Use a cheaper model for recursive calls:
rlm = RLM(
model="gpt-5", # Root LM (main decisions)
recursive_model="gpt-5-mini" # Recursive calls (cheaper)
)
For better performance with parallel recursive calls:
import asyncio
async def main():
rlm = RLM(model="gpt-5-mini")
result = await rlm.acomplete(query, context)
print(result)
if __name__ == "__main__":
asyncio.run(main())
rlm = RLM(
model="gpt-5-mini",
max_depth=2, # One child RLM level, then a plain-LM fallback
max_iterations=20, # Maximum REPL iterations per RLM
repl_timeout=5, # Hard timeout for each local Python step
max_output_chars=2000, # Observation truncation limit
max_concurrent_subcalls=4, # Bound batch concurrency
max_total_calls=24, # Exact provider-call cap for the full recursion tree
max_total_tokens=100_000, # Stop after reported usage crosses this value
max_total_cost_usd=0.10, # Stop after reported cost crosses this value
max_elapsed_seconds=300, # Deadline shared by root and child calls
max_retries=2, # Retry transient provider failures; default is 0
retry_backoff_seconds=1.0, # Exponential retry delay; Retry-After is respected
# Optional LiteLLM params: temperature, timeout, etc.
)
Call limits are reserved atomically before provider requests, including batched and recursive
subcalls.

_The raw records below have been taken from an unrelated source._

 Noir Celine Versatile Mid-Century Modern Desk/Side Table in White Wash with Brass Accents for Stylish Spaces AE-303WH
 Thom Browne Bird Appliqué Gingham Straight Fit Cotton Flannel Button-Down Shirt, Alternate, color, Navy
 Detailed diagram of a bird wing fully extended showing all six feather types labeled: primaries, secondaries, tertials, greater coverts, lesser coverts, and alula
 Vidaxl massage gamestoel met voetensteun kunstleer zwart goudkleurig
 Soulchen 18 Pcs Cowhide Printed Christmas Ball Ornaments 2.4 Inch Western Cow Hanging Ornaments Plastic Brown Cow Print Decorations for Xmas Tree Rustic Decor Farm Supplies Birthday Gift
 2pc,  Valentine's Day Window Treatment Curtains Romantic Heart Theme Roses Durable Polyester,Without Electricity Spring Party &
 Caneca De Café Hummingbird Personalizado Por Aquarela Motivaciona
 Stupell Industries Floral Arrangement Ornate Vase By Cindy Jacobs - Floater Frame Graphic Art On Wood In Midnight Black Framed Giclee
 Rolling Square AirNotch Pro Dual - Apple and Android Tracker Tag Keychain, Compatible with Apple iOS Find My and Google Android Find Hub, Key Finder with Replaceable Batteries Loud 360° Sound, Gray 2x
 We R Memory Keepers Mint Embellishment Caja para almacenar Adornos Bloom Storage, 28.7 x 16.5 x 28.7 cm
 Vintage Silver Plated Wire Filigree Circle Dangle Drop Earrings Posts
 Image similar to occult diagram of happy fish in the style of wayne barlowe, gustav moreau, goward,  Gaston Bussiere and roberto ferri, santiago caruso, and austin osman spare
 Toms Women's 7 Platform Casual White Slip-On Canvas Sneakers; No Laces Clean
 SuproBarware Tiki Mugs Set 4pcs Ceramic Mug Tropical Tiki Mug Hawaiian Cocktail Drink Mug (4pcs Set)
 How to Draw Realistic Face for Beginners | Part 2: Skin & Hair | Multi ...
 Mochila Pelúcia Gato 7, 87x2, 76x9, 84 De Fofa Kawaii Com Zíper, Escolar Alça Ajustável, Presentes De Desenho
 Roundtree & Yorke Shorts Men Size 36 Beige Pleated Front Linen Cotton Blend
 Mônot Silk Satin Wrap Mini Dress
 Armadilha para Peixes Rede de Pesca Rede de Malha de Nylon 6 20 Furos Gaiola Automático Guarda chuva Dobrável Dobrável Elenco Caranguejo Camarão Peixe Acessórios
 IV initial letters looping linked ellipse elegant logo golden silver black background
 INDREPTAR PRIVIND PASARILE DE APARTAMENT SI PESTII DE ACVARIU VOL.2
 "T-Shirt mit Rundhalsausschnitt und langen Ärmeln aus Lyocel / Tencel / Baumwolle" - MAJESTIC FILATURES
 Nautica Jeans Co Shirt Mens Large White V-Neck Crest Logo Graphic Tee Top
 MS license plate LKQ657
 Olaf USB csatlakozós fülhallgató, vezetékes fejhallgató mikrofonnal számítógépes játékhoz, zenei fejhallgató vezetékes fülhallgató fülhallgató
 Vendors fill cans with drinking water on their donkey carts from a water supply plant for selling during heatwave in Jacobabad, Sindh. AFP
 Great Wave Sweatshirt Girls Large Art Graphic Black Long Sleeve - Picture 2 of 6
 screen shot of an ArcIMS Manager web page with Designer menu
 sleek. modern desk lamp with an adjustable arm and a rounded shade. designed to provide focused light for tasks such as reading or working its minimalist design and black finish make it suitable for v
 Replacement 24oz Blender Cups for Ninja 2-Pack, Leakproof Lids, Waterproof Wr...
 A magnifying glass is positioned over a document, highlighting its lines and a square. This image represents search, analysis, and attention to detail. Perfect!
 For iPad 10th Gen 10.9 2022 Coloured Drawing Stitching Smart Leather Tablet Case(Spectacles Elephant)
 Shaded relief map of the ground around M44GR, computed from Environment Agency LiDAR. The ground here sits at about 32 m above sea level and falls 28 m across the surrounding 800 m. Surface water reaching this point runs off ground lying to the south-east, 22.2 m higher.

Token and cost limits are evaluated after each response because providers only report
those values after generation; the crossing response is included in partial statistics attached to
BudgetExceededError. A deadline also bounds in-flight provider requests. All limits are optional
and are reset for each root completion.
Retries are opt-in and share the same call and elapsed-time budgets as the rest of the recursion
tree. Every retry is counted as a provider call and recorded in statistics and trajectories.
RLM disables hidden LiteLLM retries to preserve exact accounting; configure max_retries on RLM
instead of passing num_retries or max_retries as a LiteLLM option. Null provider content is
normalized to an empty response so the existing repair iteration can recover, while malformed
response structures fail with ProviderResponseError or use the bounded retry path when enabled.
Applications can reject a syntactically valid final answer and give deterministic feedback to the model without leaving the bounded run:
def validate_answer(answer: str):
if not answer.startswith("count="):
return "Answer must start with 'count='."
return None
rlm = RLM(
model="gpt-5-mini",
final_answer_validator=validate_answer,
)
The validator returns None to accept an answer or a non-empty error string to reject it. Rejected
answers and feedback are represented by lengths in redacted trajectories and by content only when
capture_trajectory_content=True. Validator exceptions abort the run as application errors.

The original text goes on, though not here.